Tamale, the fastest growing city in West Africa in recent years, is gradually emerging as a slum despite being adjudged the cleanest city in Ghana on three occasions. This is because, waste and sanitation management has taken a partisan dimension and further made worse by supporters of both the NPP and NDC who have decided to align themselves with either divides of the Dagbon chieftaincy dispute, thereby making many people feign interest in taking part in communal cleanup exercises over the years out of mere resentments.
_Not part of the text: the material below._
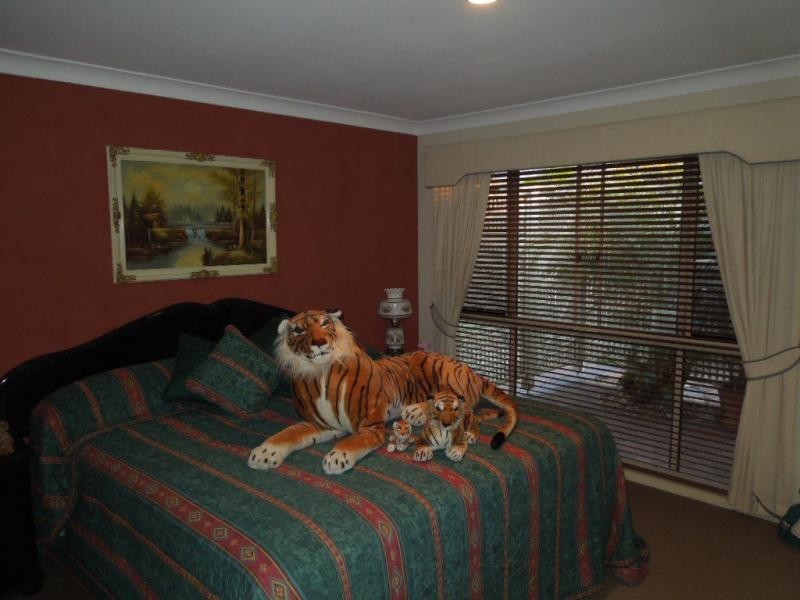 Springfield QLD 4300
For instance, during the Administration of NPP’s Mohammed Amin Adam Anta as Mayor of Tamale, most NDC members deliberately refused to take part in general cleanup exercises. The reverse is happening now under the current Administration of Alhaji Abudulai Haruna Friday of the ruling NDC who finds it difficult to rally support from most residents of the city. Thus, the Assembly continue to spend not less than GH¢900,000.00 annually on sanitation and waste management alone, according to an official in the waste management department who wants to remain anonymous.
Also, there are inadequate drainage systems or gutters in over 50 percent of the entire Metropolis which is the cause of life threatening floods in recent years. This has also led to serious erosions thereby making most of the areas dirty and considered as emerging slums.
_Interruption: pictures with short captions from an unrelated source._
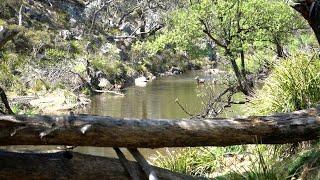 BROWN TOWN CENTRAL NSW FISHING!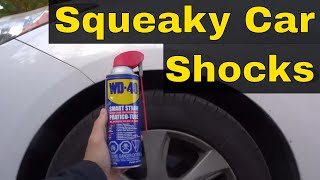 How To Fix Squeaky Car ShocksEASY Repair For A Vehicles Suspension [upl. by Treva]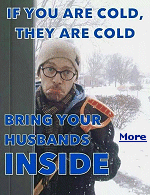 For all the feminist criticism of men supposedly treating women like dogs, it is actually today�s feminism-infected women that are treating men like domesticated animals.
Cleanliness, the two Holy Books (Bible and Qur’an) say, is next to godliness. But surprisingly, in a largely religious community like Tamale where Christians and Muslims are taught to observe cleanliness in their daily lives and also consider it a spiritual obligation, it is so appalling to see choked reeking gutters and incinerators in almost every corner of nearly all vicinities in the city.
Few examples of vicinities considered by this writer as the dirtiest places in the Metropolis include: Tishegu/Ward K, Kalpohini/Sangani, Kukuo, Duanayili, Changli, Gumani, Jisonaayili, Kanvilli, Vitting, Dabokpa, Koblimahagu, Sakasaka, Nyohini, Lamashegu, Gumbihini, Gurugu, Tamale Polytechnic, Choggu, Bulpiela, Zogbeli, Nyanshegu, among others.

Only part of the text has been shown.